II. Potential Benefits of Mergers & Acquisitions:
**************************************
Allows a firm to obtain in a single transaction
- capabilities or resources that would take years to develop
- reduced costs through consolidation and eliminatiion of redundant positions and activities
- increase in firm's market share & competitive advantage from greater size
III. Problems with M&A
*********************
Majority of M&As fail (http://www.businessweek.com/managing/content/jun2010/ca20100622_394659.htm)
Benefits of M&A are many times not realized.
It
feels like death to most people in the acquired organization, with
lives turned upside down (Welch, 2006). This is why only the most
experienced M&A experts should be selected for the job and tasked
with the responsibility of completing the merger successfully from start
to finish.
IV. How to avoid common traps in M&A and make a successful merger or acquisition?
*********************************************************************
1. Check if the same business result can be achieved at lower risk with a partnership or organic growth.
2. Does it make strategic sense and further the strategic objectives of the firm ?
Is this acquisition aimed at getting quick results that organic growth cannot match ?
Is this to Acquire a competitor?
Is this to move quickly into an area where you don't currently compete?
3.
If acquisition is justified, are clear criteria for selection of target
company set ? How will the new company look like? (businessweek.com,
2010)
4. Does the acquisition create value? Does it extend the
capability of the firm ? Does it have scalable IP? Can the acquired
organization take advantage of the firm's strengths to grow rapidly ?
(IBM annual report, 2012)
5. Before starting the merger process, stay aware of the common traps in M&A (Welch, 2005)
Sin#1
- Beware of merger of equals. Anticipate people dueling over who is
really in charge. Identify roles and responsibilities ahead of the
acquisiton.
Sin#2 - Cultural fit based on values of the two companies
is as important as strategic fit that is based on products,
technologies and numbers.
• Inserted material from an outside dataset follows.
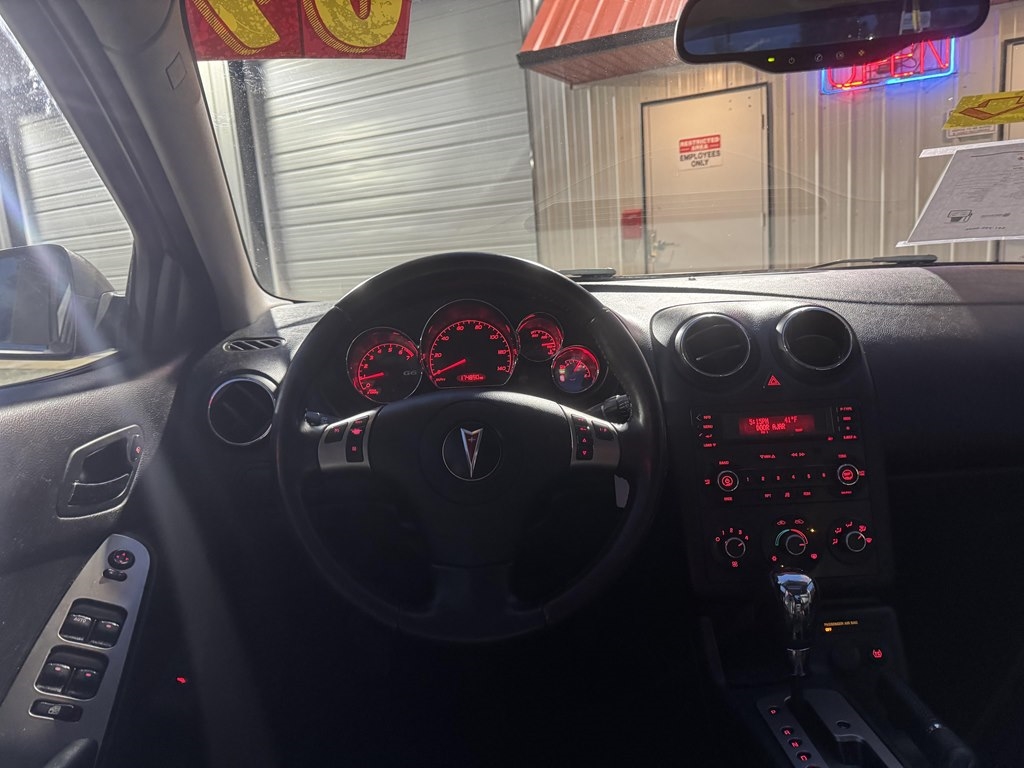 Pontiac G6  2009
Some cultures don't combine, they combust.
Cross-cultural differences in a merger are usually not addressed until
it is too late.
Sin#3 - Reverse hostage situation
Due to deep concessions given, the acquired firm is in charge in the end. Don't pay too much for something you don't own.
Sin#4 - Being afraid rather than going boldly
Complete
the integration process within 90 days of closing (eg. Lou Gerstner at
IBM managed transitions successfully by drawing attention to the
firm-wide priorities of the 90-days). Do not let uncertainty morph into
inertia or fear.
Sin#5 - Conqueror syndrome
Don't march into new territory and install your people everywhere.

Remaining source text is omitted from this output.